Worship January 31, 2021

Welcome to Sundays at Home

Good morning and welcome to Trinity! So glad you are tuning in virtually for today’s service. As we worship remotely during this time of change, each week you’ll find Sundays at Home with Trinity Episcopal Church. We will be featuring the full service recording, as well as the sermon and anthem on their own.

As we continue to adapt to changing guidelines regarding in-person gatherings, we have some exciting news for worship options. Starting this week, you can now join us for Drive-In Worship on Sundays at 10am! Read more about what to expect and how to join us by clicking here.

Once again, thank you for tuning in and for being faithful with your time, talents, and treasures.

Grace and Peace!
Rev. Jonathan V. Adams

Worship for January 31, 2021

Please view the embedded video of our service below by clicking on the grey arrow in the middle of the image.

About the Music:

Our anthem for this week “Create in Me, O God, a Pure Heart” (op. 29, No. 2) is from the pen of Johannes Brahms (1833-1897). Composed around 1864, this short motet is in three sections, each corresponding to a verse from Psalm 51.

The text of Hymn 493, “O for a thousand tongues to sing”, by the great English hymn writer Charles Wesley (1707-1788), is commonly sung to the tune AZMON by Carl Gotthilf Glaser (1784-1829), arranged and adapted by the American composer Lowell Mason in 1839. Charles Wesley, along with his brother John, is credited with founding the “Methodist” movement, although they both remained Anglican their entire lives. Charles became one of the world’s most prolific hymn writers, penning some 6,000 hymns in all.

Organ Voluntaries

This week’s Prelude is “Meditation”, by the French organist and composer Maurice Durufle (1902-1986). Durufle was a highly self-critical composer who published only a handful of works and rarely performed them. Probably best known for his Requiem (1947), he was organist of the church of St. Etienne-du-Mont in Paris for many years.

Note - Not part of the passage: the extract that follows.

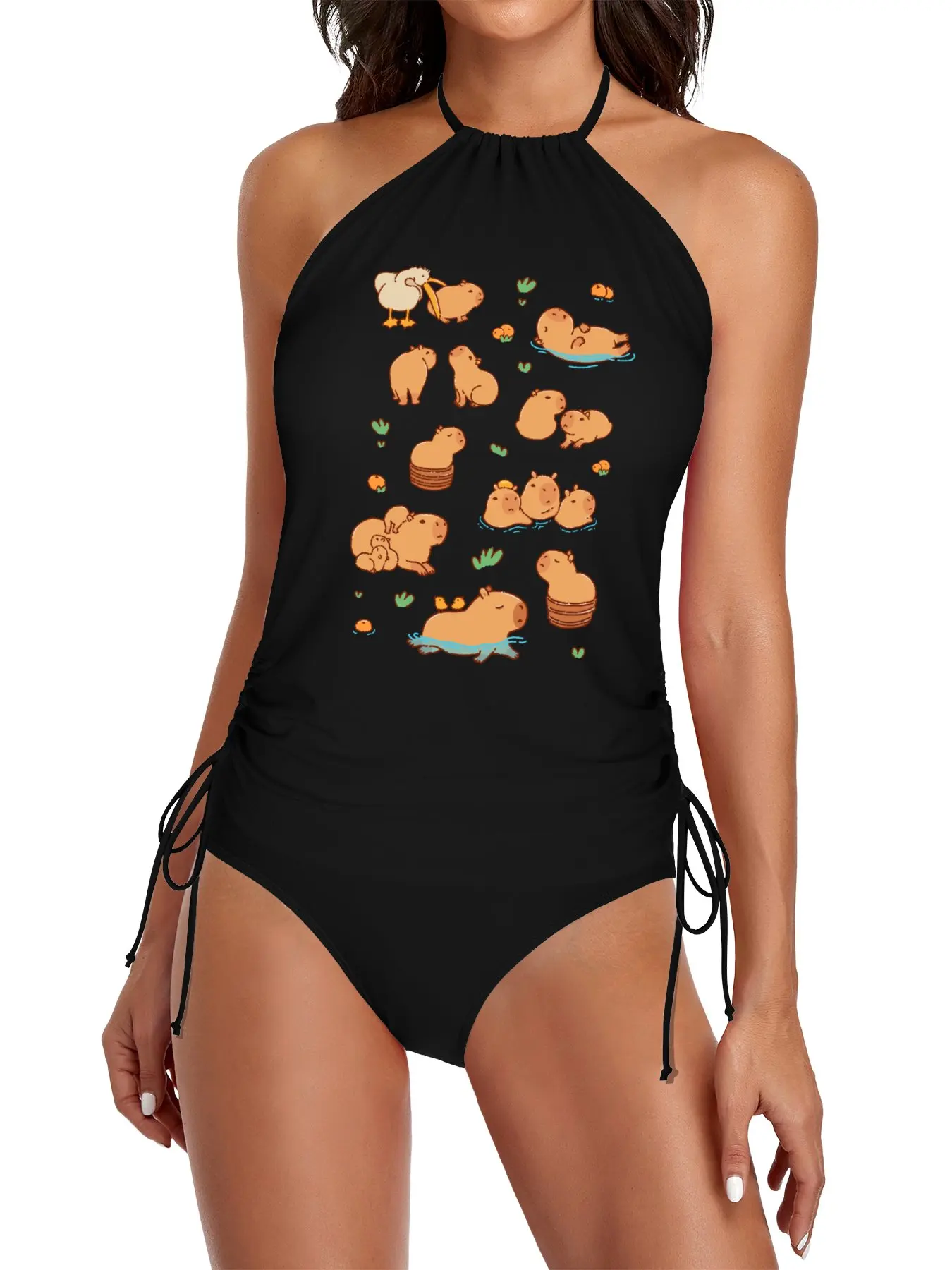 Cute capybara art, illustration seamless pattern Split Swimsuit Set women's trikini 2025 woman swimwear Women's summer suits
Cute capybara art, illustration seamless pattern Split Swimsuit Set women's trikini 2025 woman swimwear Women's summer suits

The Postlude is based on the hymn tune Deo gracias, #449 in The Hymnal 1982 where it is married with the Epiphany text “O love, how deep, how broad, how high”. This hymn, also known as the “Agincourt Hymn”, was written sometime in the early 15th century by John Dunstable and later arranged for organ by the great American organist E. Power Biggs (1906-1977). Biggs composed a trumpet fanfare that serves as an introduction, and appears again at the end. Born in England, Biggs immigrated to the United States in 1930 and settled in Boston, where he was instrumental in the renewed interest in the classical pipe organ, especially the organ music of pre-Romantic composers such as Bach and Buxtehude and the organs they played. He is probably the only organist who has a star on the Hollywood Walk of Fame!